When something substantial happens in the Chinese and American economies, the stock market responds.

On Monday, the first day of the second quarter of 2019, stocks rallied after two encouraging reports on manufacturing — one from each country.

The Caixin China manufacturing purchasing managers index (PMI), which reached 50.8 in March from 49.9 in February, moved to an expansionary level for the first time in four months.

China's official manufacturing PMI, released on Sunday, attained a six-month high of 50.5 in March, from 49.2 in February.

In the US, the Institute for Supply Management's manufacturing index registered a stronger-than-expected 55.3 level in March compared with a two-year low of 54.2 percent in February.

The ISM said 16 industries, including machinery, computer and electronic products, furniture, and electrical equipment, appliances and components, reported growth last month.

A reading above 50 in both indices indicates an expansion in activity.

The Dow Jones Industrial Average rose 329.74 points on Monday to 26,258.42, a 1.27 percent gain. The S&P 500 finished at 2,867.19, up 32.79 points, or 1.16 percent. The Nasdaq Composite closed at 7,828.91, advancing 99.59 points to 1.29 percent.

In China, the Shanghai Composite index closed up 2.6 percent, or 79.6 points to 3,170.36, its highest level since May 2018. The Shenzhen Stock Exchange Composite Index jumped 60.53 points to 1,755.66 and has gained 38.4 percent so far in 2019. The Hang Seng index in Hong Kong surged 510.66 points, or 1.76 percent, to 29,562.02.

"It was the one-two punch in terms of positive manufacturing PMI data from China and the US, two big economies, and that has emboldened the bulls in the market," said John Kilduff, a partner at Again Capital Management in New York.

"The double dose of manufacturing data from China and the US eased a lot of global growth worries," Kamal Khan, US editor at investing.com, told China Daily. "That showed up in the rebound in Treasury yields, which helped stocks after the recent yield-curve inversion.
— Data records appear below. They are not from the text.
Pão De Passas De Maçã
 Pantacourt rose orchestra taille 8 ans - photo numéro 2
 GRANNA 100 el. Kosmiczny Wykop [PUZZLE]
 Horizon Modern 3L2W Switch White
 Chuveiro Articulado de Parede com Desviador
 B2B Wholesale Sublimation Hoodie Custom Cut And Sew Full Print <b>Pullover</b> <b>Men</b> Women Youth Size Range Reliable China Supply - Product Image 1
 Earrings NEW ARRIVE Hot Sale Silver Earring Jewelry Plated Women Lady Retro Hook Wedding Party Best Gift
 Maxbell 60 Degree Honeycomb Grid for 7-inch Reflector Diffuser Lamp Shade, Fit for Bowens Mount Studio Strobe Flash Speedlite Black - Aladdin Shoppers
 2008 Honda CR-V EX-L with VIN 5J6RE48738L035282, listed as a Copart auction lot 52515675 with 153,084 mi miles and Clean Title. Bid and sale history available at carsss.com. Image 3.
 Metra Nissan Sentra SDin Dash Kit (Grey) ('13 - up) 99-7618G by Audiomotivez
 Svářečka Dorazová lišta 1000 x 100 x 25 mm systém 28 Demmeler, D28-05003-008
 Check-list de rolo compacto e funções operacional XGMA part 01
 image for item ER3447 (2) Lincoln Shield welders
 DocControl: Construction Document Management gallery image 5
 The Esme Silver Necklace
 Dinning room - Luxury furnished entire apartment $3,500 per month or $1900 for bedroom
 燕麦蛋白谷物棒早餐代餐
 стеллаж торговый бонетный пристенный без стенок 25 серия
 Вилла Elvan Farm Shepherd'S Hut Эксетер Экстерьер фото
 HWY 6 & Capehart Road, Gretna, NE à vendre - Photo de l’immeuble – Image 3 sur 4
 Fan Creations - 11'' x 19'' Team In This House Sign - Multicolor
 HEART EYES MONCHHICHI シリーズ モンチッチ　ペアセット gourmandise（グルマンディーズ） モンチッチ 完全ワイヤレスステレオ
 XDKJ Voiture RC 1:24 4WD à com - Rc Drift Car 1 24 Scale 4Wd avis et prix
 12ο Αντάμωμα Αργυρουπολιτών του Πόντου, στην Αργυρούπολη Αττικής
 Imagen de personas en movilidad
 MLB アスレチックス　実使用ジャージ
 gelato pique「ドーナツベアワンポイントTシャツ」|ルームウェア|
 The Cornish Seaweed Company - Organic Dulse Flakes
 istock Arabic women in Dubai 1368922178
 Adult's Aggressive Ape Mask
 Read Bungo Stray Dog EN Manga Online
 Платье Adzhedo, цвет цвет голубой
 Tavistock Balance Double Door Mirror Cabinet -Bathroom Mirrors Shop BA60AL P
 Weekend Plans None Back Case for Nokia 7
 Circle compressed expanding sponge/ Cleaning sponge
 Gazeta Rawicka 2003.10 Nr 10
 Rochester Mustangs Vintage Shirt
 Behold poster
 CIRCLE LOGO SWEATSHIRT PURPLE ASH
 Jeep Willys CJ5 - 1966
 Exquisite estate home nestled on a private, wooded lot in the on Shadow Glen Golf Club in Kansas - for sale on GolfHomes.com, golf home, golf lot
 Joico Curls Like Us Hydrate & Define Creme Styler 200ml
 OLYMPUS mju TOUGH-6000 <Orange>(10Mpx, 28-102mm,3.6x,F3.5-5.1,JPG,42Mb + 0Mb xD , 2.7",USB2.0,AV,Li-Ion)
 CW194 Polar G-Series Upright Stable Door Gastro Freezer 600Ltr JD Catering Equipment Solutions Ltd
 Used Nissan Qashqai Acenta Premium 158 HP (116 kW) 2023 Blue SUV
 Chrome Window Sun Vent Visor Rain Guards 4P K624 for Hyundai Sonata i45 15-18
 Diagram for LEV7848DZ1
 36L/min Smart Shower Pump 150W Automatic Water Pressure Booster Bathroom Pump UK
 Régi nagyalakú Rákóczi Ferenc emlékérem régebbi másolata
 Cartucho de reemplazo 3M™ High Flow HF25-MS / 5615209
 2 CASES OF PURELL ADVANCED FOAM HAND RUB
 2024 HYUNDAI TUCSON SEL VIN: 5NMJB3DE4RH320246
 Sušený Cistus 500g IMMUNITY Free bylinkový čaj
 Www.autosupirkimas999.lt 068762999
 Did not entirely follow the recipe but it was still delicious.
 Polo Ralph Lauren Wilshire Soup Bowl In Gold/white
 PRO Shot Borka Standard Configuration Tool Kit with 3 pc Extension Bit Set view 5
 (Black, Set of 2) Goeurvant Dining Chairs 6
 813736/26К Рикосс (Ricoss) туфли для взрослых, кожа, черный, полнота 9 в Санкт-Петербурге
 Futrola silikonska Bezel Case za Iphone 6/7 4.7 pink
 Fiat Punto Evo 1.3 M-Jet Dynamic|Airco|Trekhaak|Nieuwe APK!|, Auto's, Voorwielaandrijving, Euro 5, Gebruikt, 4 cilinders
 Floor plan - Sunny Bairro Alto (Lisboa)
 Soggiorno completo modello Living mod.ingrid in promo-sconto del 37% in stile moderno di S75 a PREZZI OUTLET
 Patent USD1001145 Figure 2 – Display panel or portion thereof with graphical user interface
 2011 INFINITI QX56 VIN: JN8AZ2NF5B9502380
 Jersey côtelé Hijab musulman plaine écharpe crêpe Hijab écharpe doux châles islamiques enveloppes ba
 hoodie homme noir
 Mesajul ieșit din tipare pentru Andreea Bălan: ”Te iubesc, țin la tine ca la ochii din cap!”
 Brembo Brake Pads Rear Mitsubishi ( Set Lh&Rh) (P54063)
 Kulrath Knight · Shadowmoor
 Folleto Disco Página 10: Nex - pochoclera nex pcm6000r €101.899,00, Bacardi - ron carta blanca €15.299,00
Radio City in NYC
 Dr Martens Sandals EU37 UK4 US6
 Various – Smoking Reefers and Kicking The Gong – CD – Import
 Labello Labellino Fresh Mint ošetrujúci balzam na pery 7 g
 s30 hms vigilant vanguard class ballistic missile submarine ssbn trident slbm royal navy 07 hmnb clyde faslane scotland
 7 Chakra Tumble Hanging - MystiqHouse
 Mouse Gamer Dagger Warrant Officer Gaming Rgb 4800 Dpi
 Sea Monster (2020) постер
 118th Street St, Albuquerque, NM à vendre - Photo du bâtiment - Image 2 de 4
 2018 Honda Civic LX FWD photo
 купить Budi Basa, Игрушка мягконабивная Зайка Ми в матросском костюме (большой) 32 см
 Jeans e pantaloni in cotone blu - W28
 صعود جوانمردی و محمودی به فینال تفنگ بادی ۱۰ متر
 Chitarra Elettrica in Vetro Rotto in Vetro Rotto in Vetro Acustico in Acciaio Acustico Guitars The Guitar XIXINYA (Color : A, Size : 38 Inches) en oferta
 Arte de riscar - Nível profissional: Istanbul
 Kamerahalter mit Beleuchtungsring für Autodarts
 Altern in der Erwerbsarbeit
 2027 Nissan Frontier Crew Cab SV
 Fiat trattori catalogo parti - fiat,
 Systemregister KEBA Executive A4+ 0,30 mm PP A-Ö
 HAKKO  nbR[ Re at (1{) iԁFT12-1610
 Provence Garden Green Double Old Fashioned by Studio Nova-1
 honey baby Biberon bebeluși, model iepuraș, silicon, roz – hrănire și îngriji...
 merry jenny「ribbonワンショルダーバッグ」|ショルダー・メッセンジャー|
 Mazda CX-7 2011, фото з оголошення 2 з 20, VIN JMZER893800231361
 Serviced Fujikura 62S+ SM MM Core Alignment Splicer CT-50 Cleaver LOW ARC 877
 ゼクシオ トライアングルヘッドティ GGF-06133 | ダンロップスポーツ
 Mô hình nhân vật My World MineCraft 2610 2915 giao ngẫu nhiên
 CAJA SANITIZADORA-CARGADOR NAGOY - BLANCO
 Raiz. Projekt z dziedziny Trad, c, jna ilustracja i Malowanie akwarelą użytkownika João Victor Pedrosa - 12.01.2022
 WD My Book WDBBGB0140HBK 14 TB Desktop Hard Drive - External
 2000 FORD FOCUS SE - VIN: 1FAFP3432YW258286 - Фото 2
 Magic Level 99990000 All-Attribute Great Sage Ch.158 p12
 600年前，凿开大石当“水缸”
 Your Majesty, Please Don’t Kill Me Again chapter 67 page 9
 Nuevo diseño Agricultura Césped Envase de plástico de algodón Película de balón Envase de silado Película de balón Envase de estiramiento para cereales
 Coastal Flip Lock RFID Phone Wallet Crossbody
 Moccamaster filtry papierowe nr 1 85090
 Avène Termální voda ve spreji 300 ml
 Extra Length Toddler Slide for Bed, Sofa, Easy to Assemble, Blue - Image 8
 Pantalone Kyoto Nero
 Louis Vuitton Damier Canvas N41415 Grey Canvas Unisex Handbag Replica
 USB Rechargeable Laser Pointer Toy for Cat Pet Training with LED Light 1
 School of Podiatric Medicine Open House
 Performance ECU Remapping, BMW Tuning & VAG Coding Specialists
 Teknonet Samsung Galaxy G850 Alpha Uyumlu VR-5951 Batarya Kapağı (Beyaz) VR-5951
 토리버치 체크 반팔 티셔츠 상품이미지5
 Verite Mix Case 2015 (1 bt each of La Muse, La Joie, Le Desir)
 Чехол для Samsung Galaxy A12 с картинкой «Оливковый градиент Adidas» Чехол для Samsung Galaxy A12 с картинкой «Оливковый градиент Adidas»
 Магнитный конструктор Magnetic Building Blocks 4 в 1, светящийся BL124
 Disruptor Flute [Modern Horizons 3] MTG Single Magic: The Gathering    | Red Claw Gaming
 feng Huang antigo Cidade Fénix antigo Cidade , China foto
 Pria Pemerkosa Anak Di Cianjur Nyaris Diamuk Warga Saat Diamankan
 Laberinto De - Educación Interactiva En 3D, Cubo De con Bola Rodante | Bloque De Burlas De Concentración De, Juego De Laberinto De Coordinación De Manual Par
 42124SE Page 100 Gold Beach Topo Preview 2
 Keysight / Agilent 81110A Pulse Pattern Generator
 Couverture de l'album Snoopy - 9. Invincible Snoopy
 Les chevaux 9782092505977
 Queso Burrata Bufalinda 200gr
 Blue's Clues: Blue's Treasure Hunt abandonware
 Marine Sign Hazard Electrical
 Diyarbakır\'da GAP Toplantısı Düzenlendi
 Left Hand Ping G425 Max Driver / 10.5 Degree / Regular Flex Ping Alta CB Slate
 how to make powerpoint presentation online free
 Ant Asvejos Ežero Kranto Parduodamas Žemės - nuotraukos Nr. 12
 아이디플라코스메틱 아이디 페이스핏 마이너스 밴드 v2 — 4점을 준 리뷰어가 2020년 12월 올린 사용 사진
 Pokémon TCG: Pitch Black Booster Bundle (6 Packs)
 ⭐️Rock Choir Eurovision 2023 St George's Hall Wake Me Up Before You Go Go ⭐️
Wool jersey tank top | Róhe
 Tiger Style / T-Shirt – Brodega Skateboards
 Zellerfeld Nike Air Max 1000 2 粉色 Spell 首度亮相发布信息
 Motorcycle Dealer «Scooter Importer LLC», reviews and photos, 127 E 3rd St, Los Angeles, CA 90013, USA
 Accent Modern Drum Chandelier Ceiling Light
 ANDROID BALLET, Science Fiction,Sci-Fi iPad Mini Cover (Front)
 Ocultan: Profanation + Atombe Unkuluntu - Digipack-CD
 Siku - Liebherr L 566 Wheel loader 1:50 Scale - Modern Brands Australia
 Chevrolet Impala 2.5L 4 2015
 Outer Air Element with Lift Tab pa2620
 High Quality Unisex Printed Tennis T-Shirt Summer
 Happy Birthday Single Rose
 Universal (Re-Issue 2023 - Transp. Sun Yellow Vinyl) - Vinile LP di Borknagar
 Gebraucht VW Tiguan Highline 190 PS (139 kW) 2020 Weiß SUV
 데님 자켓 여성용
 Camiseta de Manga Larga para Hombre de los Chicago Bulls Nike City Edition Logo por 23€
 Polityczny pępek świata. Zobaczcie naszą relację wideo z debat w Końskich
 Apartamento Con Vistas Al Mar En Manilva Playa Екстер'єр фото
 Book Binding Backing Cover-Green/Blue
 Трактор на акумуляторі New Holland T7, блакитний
Yields also helped financials in particular."

"The Chinese (manufacturing) numbers bounced back, and people are taking more risk today because of it," said Michael O'Rourke, chief market strategist at JonesTrading in Greenwich, Connecticut.

The Stoxx Europe 600 rose 1.2 percent, buoyed by China's manufacturing numbers even though Europe's own manufacturing data was at a six-year low.

Italy last week became the first G7 nation to agree to join China's Belt and Road Initiative.

The strong showing for stocks sent bond prices lower and their interest rates higher. The 10-year Treasury note's yield climbed 8 basis points to 2.496 percent.

When investors see brighter prospects in risk assets such as stocks, government bonds, which are considered safer, move lower.

The positive economic data showed up as a Chinese delegation led by Vice-Premier Liu He heads to Washington on Wednesday for the next round of trade talks. 

On Sunday, China's State Council said that the country would continue to suspend additional tariffs on US vehicles and auto parts after April 1, following a US decision to delay tariff increases on Chinese imports.

Buoyed by that news, Ford Motor Co shares gained 2.3 percent, and General Motors Co stock added 1.8 percent Monday.

The manufacturing numbers along with tighter supplies also propelled two benchmark oil indices to their largest first-quarter gains in nearly a decade.

Brent crude rose $1.43, or 2.1 percent, to $69.01. The global benchmark was up 27 percent in the first quarter.

US West Texas Intermediate (WTI) futures settled up $1.45, or 2.4 percent, at $61.59 per barrel, and earlier on Monday reaching their highest level in nearly five months at $61.72. WTI has gained 32 percent in the first quarter.

Production cuts from the Organization of the Petroleum Exporting Countries helped push the group's supply to a four-year low in March, a Reuters survey found.

Output from OPEC countries dropped by 280,000 barrels a day from February to 30.4 million, its lowest monthly rate since 2015.

Saudi Arabia had the largest drop in the group's supply-cutting pact while Venezuelan output fell further due to US sanctions and power outages in a country in the midst of political upheaval. Oil prices also are being supported by US sanctions on Iran.

Reuters and Bloomberg contributed to this story.